If one of you with WFOs could be so generous, I need an experiment.
I like potatoes on pizzas. Make that love them. Yukon gold, blue and sweet (only one variety on a pizza though).
When I was using my broiler in my oven to cook pizzas, I did not use potatoes for some reason (and I had 980°F heat with my broiler....I miss it!). Now that I have my (still in experimental phase) LBE, just cutting the potatoes paper thin does not do the trick. The oven does not have enough top heat to cook the potatoes enough.
I have to par cook the potato slices in a pan with olive oil and sea salt, turning them a few times until they brown up and lose a little of their firmness. Then the LBE will finish them off...turning the edges of the potatoes crisp in the oven. The natural sweetness in the potatoes really come through and the textural counterpoint of the crisped edges is really nice.
If one of you could use a mandolin to cut VERY thin slices of potatoes (or a knife...we're talking paper thin cuts), layed them on the skin so there was minimal overlap (but covered the surface), I'd be interested to see if the heat of a good WFO alone could finish such a thinly sliced potato off sufficiently during the course of the short baking time.

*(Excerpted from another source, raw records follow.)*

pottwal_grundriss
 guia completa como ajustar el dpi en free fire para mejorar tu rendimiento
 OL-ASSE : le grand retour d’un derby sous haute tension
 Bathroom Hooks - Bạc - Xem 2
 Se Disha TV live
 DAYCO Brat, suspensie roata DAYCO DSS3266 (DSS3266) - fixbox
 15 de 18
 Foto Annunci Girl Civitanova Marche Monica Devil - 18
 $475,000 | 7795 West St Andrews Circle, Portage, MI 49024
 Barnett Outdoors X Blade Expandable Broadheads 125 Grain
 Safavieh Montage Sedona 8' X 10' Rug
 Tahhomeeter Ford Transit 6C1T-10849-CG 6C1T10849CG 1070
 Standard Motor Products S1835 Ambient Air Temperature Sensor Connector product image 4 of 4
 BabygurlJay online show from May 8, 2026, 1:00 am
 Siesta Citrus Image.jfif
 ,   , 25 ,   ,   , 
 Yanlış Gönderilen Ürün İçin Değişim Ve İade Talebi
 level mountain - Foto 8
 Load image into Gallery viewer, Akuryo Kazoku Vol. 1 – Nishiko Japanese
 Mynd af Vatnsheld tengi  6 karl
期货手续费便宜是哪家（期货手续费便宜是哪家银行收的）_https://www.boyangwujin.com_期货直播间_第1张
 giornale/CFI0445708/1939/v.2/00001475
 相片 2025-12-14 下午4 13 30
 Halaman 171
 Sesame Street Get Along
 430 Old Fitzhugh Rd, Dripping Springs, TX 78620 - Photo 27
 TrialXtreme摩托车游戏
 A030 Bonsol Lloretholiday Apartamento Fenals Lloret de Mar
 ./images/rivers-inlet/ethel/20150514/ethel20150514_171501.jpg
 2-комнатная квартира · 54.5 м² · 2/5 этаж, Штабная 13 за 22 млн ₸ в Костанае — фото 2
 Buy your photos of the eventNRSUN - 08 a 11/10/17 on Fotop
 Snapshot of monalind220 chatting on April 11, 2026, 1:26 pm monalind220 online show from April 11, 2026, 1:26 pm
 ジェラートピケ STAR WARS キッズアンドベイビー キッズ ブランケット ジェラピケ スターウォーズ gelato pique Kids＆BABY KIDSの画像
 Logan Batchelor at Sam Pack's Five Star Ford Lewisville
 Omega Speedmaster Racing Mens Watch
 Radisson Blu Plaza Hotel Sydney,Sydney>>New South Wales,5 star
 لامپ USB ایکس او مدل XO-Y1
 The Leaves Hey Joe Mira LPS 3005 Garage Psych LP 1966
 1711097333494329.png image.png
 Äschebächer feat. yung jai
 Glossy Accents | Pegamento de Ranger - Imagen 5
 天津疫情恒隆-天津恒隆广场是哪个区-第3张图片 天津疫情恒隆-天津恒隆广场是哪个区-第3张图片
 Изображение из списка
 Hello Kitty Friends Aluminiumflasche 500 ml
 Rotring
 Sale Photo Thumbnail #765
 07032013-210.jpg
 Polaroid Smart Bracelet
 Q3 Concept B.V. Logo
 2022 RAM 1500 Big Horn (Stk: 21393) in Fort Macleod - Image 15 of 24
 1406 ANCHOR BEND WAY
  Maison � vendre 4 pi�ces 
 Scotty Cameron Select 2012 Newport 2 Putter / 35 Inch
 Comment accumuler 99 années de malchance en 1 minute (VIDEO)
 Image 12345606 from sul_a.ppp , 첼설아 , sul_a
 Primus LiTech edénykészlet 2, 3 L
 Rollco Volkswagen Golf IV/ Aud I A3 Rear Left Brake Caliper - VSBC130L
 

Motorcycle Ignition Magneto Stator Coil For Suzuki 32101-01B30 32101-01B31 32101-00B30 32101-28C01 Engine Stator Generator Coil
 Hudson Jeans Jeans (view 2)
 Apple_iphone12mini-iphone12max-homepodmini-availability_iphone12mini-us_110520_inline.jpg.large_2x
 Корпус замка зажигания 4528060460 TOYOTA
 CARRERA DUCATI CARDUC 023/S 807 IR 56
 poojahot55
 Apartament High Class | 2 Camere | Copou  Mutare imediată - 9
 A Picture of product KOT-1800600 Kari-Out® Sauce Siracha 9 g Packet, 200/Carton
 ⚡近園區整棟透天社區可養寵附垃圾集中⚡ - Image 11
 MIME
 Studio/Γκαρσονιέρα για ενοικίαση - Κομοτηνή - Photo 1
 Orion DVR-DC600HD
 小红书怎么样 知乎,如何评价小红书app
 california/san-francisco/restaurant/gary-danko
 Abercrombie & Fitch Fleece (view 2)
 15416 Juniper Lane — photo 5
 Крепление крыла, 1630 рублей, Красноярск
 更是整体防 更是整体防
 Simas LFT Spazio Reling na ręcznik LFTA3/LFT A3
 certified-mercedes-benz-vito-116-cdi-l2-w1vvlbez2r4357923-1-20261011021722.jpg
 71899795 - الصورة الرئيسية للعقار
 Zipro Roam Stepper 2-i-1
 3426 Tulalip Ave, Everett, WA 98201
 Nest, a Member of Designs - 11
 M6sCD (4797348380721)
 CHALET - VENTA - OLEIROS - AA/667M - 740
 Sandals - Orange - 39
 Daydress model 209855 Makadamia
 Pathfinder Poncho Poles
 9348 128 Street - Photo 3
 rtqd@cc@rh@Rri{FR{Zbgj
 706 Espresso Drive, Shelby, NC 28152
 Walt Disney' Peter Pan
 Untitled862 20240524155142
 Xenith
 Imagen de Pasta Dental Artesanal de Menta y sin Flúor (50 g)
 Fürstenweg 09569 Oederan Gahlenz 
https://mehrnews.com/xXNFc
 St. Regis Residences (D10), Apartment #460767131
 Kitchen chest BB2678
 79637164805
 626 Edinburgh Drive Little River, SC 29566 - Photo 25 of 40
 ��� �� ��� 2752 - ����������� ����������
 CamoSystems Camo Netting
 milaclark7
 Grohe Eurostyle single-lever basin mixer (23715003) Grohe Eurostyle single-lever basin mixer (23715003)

I've been tinkering with a parmigiano-reggiano (a lot, grated, added first), sweet potato, caramelized onion and rosemary pizza.....as well as a sweet potato, sage, blue cheese and Mike's Hot Honey pizza (I may swap out the Blue Cheese for Mascarpone) and have no idea if a WFO could do the trick without a par cook first. The ingredient combinations are still experimental, but you get the point.